What needs to be done: Each line of the listing that includes the string "ブラック" needs to be located and copied.

Dataset entries:
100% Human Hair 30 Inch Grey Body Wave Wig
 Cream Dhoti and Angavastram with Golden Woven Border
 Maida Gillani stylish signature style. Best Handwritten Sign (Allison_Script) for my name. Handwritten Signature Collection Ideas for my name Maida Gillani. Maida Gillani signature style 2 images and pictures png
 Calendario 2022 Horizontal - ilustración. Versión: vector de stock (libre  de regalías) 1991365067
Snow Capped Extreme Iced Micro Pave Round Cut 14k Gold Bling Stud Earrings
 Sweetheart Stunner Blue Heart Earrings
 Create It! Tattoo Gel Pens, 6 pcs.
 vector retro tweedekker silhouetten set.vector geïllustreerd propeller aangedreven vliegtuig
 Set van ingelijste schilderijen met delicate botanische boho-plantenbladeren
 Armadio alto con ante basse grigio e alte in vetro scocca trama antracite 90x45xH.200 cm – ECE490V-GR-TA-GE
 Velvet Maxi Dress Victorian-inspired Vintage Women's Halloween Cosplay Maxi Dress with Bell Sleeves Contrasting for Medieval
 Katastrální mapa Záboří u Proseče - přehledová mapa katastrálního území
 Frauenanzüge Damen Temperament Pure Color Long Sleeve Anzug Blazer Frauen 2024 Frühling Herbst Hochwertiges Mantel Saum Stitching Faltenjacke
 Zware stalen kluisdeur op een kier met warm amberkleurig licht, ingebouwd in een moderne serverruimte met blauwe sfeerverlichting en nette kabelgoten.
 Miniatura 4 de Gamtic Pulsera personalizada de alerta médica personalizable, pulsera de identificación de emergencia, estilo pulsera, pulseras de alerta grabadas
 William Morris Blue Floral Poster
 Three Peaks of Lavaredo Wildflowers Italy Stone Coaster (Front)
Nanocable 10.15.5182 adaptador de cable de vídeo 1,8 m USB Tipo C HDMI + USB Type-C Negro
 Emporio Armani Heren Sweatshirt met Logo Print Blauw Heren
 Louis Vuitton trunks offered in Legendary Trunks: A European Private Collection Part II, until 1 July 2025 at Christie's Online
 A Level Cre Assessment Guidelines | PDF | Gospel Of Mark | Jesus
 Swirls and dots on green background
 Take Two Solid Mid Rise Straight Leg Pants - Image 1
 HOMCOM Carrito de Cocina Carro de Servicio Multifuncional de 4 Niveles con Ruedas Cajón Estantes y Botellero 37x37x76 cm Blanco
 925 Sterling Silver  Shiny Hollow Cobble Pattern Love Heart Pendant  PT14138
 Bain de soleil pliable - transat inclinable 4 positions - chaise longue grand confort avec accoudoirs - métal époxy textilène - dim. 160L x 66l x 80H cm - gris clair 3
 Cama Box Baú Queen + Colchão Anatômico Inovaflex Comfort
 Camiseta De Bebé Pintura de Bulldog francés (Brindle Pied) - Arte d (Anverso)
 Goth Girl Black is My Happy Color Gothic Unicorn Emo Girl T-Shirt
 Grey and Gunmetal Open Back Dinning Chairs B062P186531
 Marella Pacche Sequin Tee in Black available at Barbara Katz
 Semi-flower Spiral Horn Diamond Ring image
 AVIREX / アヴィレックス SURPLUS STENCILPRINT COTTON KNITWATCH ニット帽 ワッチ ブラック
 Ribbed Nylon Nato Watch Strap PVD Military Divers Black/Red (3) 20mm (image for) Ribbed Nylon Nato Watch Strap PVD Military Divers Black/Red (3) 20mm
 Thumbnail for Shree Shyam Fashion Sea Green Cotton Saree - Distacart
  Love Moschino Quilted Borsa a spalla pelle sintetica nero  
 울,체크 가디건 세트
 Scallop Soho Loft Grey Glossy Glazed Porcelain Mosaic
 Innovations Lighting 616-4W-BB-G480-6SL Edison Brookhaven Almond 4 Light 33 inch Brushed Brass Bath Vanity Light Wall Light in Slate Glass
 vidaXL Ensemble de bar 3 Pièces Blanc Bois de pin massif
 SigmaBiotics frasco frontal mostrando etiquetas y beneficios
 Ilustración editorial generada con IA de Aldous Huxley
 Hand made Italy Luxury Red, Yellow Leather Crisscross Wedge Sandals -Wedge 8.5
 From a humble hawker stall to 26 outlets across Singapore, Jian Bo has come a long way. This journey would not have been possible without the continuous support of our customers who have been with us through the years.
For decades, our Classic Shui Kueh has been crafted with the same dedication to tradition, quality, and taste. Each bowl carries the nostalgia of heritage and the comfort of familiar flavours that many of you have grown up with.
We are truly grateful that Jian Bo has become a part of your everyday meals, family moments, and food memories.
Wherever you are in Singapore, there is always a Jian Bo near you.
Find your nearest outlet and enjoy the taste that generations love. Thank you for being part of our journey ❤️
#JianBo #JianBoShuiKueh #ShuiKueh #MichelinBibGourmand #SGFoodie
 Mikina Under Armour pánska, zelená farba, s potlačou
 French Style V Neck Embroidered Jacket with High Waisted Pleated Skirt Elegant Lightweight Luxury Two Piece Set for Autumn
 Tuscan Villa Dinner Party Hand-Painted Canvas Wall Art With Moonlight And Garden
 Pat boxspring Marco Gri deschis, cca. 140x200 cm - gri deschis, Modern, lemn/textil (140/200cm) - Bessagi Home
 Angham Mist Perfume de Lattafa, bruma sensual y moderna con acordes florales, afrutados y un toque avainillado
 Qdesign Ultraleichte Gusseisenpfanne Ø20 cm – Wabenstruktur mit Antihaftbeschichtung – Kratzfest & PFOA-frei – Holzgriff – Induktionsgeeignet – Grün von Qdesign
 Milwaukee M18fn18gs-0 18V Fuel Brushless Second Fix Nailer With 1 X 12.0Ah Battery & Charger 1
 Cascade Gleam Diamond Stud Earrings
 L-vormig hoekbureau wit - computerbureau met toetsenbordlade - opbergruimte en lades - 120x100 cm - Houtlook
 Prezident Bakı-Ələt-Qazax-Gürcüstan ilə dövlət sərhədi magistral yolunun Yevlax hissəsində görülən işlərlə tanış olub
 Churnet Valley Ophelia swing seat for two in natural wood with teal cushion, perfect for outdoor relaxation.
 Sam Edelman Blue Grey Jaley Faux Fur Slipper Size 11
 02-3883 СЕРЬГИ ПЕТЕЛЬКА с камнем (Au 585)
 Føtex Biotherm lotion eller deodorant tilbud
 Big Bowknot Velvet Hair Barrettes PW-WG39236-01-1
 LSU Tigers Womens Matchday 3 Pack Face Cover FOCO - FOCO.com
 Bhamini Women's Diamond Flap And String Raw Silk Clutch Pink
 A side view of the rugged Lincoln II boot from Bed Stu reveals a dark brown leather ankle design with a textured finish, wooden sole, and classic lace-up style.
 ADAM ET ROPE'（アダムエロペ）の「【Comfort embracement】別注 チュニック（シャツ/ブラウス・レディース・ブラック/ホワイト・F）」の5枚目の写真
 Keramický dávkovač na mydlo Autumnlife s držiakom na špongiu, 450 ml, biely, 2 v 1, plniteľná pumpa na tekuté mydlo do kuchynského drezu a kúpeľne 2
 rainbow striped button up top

Problem solution:
 AVIREX / アヴィレックス SURPLUS STENCILPRINT COTTON KNITWATCH ニット帽 ワッチ ブラック
 ADAM ET ROPE'（アダムエロペ）の「【Comfort embracement】別注 チュニック（シャツ/ブラウス・レディース・ブラック/ホワイト・F）」の5枚目の写真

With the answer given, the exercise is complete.